The answer must be an exact reprint of the lines from the one with "The Impact of Gaming in 2025" through the final line of the data, with no pictures included.
■ ■ ■ ■ ■ ■ ■
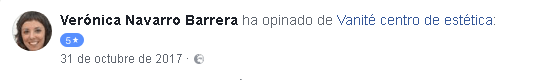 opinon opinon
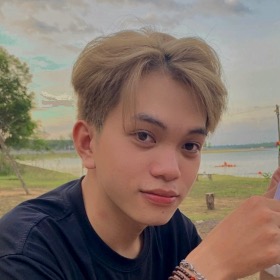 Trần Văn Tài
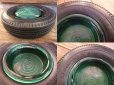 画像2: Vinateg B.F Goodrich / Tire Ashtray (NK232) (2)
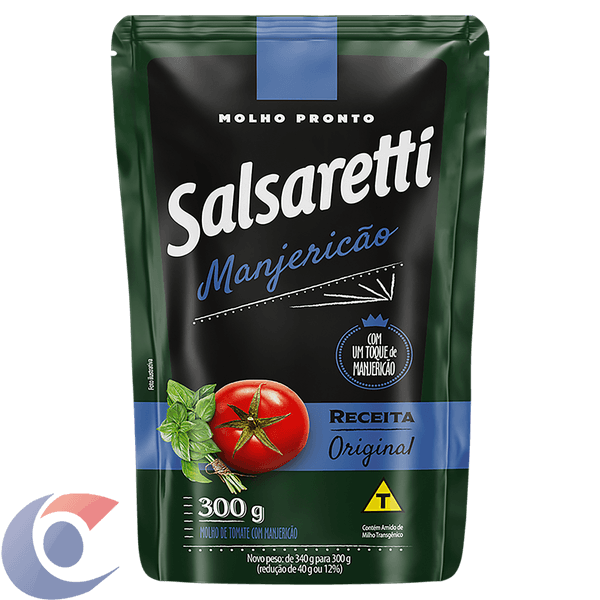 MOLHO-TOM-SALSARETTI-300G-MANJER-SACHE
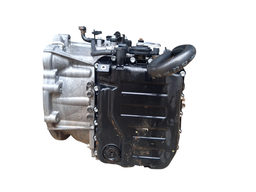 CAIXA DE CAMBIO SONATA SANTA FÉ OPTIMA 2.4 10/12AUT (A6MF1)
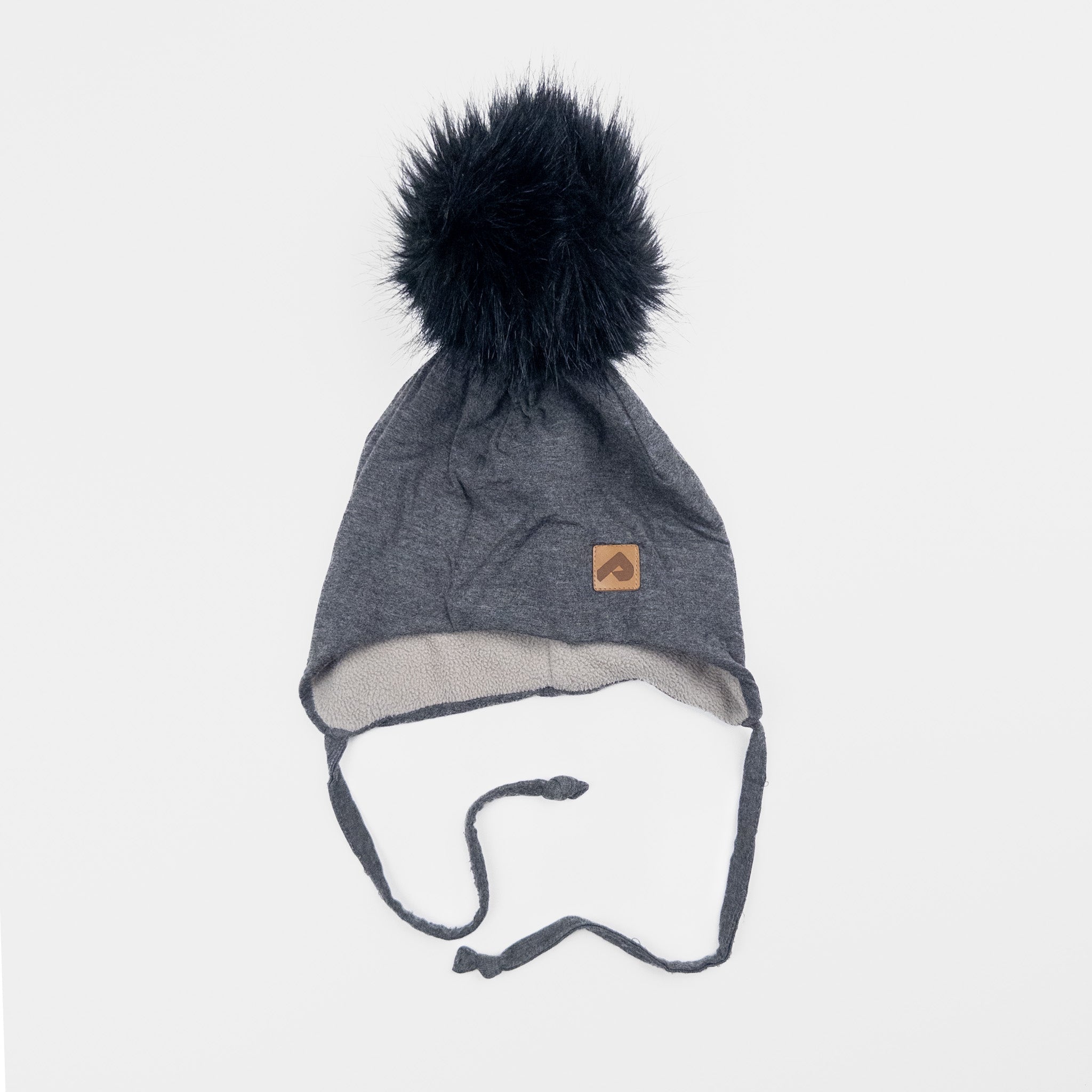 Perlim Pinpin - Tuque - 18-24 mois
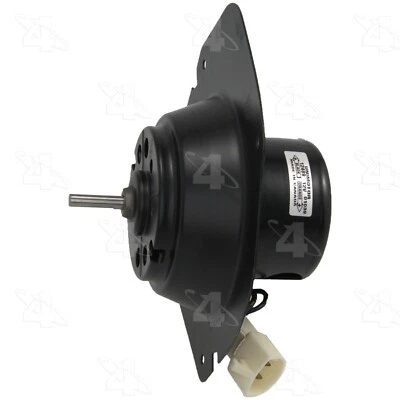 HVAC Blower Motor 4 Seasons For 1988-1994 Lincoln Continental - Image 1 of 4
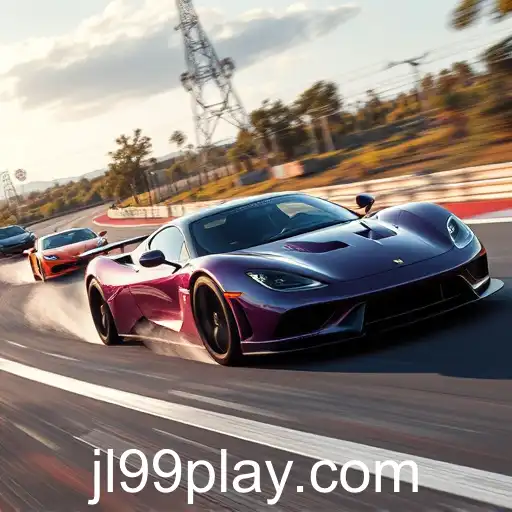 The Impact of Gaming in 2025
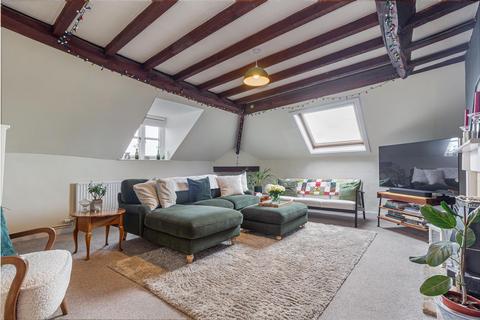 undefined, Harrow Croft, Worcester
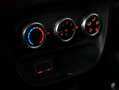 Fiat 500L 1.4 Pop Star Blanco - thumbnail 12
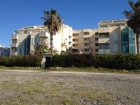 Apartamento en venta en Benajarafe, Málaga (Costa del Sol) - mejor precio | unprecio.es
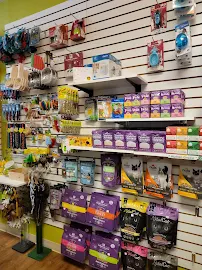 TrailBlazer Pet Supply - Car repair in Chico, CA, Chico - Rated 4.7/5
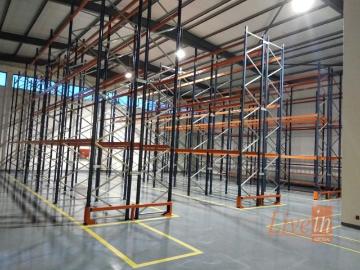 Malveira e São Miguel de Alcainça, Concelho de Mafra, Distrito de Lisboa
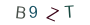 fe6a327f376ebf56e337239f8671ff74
■ ■ ■ ■ ■ ■ ■
Answer for this exercise —
 The Impact of Gaming in 2025
 undefined, Harrow Croft, Worcester
 Fiat 500L 1.4 Pop Star Blanco - thumbnail 12
 Apartamento en venta en Benajarafe, Málaga (Costa del Sol) - mejor precio | unprecio.es
 TrailBlazer Pet Supply - Car repair in Chico, CA, Chico - Rated 4.7/5
 Malveira e São Miguel de Alcainça, Concelho de Mafra, Distrito de Lisboa
 fe6a327f376ebf56e337239f8671ff74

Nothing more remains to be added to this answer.